My main question is about /run/user/1000:
- Should I avoid touching it?
- Could I delete it?
- Is there something wrong with it?
Background: I’m fairly new to Linux and just getting used to it.
I use fsearch to quickly find files (because my filenaming convention helps me to get nearly everything in mere seconds). Yesterday I decided to let it index from root and lower instead of just my home folder.
Then I got a lot of duplicate files. For example in subfolders relating to my mp3 player I even discovered my whole NextCloud ‘drive’ is there again: /run/user/1000/doc/by-app/org.strawberrymusicplayer.strawberry/51b78f5c/N
Searching: Looking for answers I read these, but couldnt make sense of it.
- https://unix.stackexchange.com/questions/162900/what-is-this-folder-run-user-1000
- https://forums.linuxmint.com/viewtopic.php?t=412850 So if its a bug with flatpaks I’m inclined to delete a certain db at ~/.local/share/flatpak/db
Puzzled:
- Is this folder some RAM drive so my disk doesnt show anything strange, Because this folder doesnt even show up at the root level.
- Are these even real? Because the size of it (aprox 370 GB) is even bigger then my disksize (screenshot).
Any tips about course of (in)action appreciated.
I think others have answered what the folder should do.
FSearch is great, but I wouldn’t index the entire file system.
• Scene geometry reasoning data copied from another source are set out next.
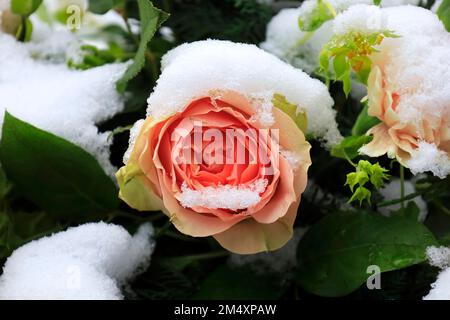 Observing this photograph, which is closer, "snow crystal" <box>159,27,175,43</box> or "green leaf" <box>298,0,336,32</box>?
"green leaf" <box>298,0,336,32</box>

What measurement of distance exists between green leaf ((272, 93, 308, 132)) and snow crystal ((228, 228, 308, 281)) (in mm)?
117

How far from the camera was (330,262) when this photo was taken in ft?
1.40

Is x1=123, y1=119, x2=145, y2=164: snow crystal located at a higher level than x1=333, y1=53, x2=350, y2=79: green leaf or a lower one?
lower

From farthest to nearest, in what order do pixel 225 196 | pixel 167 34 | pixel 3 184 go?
pixel 167 34 < pixel 3 184 < pixel 225 196

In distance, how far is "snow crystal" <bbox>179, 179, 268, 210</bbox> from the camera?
35cm

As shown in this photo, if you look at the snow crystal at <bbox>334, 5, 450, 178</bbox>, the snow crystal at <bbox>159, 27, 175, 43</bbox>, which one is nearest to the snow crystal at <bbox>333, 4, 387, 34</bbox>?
the snow crystal at <bbox>334, 5, 450, 178</bbox>

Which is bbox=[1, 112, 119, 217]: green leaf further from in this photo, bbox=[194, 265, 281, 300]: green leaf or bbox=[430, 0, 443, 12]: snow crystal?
bbox=[430, 0, 443, 12]: snow crystal

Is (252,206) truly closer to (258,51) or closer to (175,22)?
(258,51)

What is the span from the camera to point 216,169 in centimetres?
36

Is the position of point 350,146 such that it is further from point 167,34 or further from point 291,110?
point 167,34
There isn’t much point in indexing things you won’t be using such as all the system files and the representations of hardware processes. It’s a bit like on Windows indexing c:\windows - you just don’t need all that clogging up your search results. But the Linux filesystem encompasses much more so you’d get even more stuff.
On my system I index my home folder (where all your own files will be kept) and my mount points (for me a series of drives I mount under /mnt/). You could also index /media (or variants) as that is where USB drives, and CDs etc would mount to - but I don’t tend to index USB sticks etc.
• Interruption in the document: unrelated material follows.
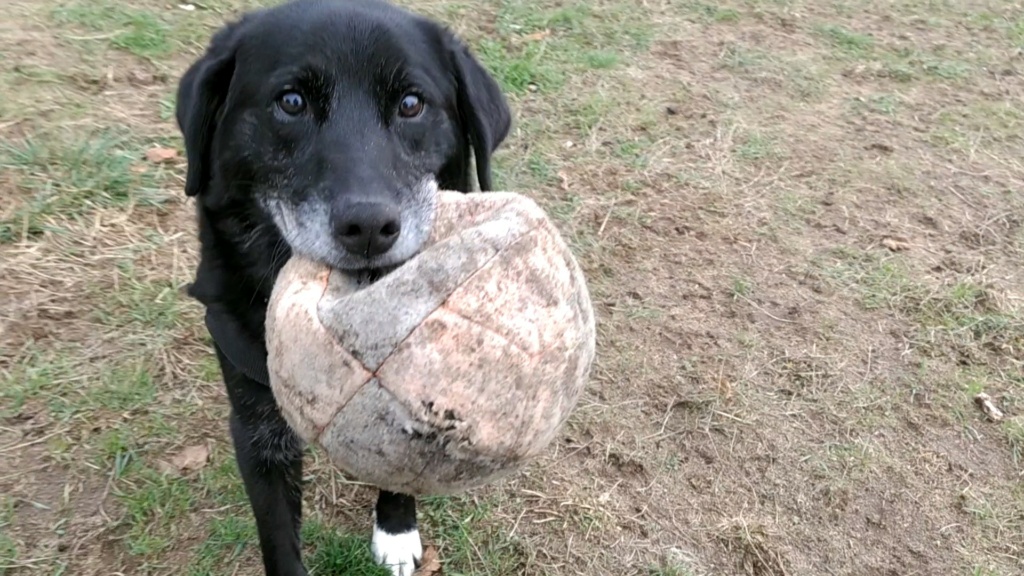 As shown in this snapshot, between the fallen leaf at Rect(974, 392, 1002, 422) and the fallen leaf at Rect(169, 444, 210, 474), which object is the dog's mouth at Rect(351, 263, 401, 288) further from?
the fallen leaf at Rect(974, 392, 1002, 422)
I can see circumstances where you might want to index other locations depending on how you use fsearch and Linux, but I think for most users it’d just be unnecessary indexing and results.
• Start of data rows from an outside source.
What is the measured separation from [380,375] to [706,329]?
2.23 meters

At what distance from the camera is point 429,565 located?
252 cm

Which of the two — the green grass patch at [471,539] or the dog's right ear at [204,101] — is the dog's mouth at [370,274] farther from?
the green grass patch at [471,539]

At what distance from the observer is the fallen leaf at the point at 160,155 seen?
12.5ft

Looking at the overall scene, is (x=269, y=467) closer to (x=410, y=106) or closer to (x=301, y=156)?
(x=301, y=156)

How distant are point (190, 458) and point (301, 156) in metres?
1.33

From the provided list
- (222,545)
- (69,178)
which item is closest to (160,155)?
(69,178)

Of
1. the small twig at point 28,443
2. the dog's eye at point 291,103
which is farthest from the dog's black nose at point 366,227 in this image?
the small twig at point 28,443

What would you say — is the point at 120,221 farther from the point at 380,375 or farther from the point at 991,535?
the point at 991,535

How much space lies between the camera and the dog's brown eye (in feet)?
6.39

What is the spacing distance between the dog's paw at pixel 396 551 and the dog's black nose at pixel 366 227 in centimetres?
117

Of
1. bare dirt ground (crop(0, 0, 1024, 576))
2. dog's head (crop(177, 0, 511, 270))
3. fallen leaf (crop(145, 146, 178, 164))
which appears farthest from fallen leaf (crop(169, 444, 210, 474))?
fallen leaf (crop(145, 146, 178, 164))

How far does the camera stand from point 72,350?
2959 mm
Edit: I saw someone else mention /etc too. That can be useful if you want to find system config files. They also mentioned /usr/share/docs which contains a lot of the Linux manual/distro docs amongst others. If you want to access that then it’s not a bad idea to index it, although most people are online all the time now on multiple devices so it may be a bit redundant for most users day to day; I tend to just search online documentation.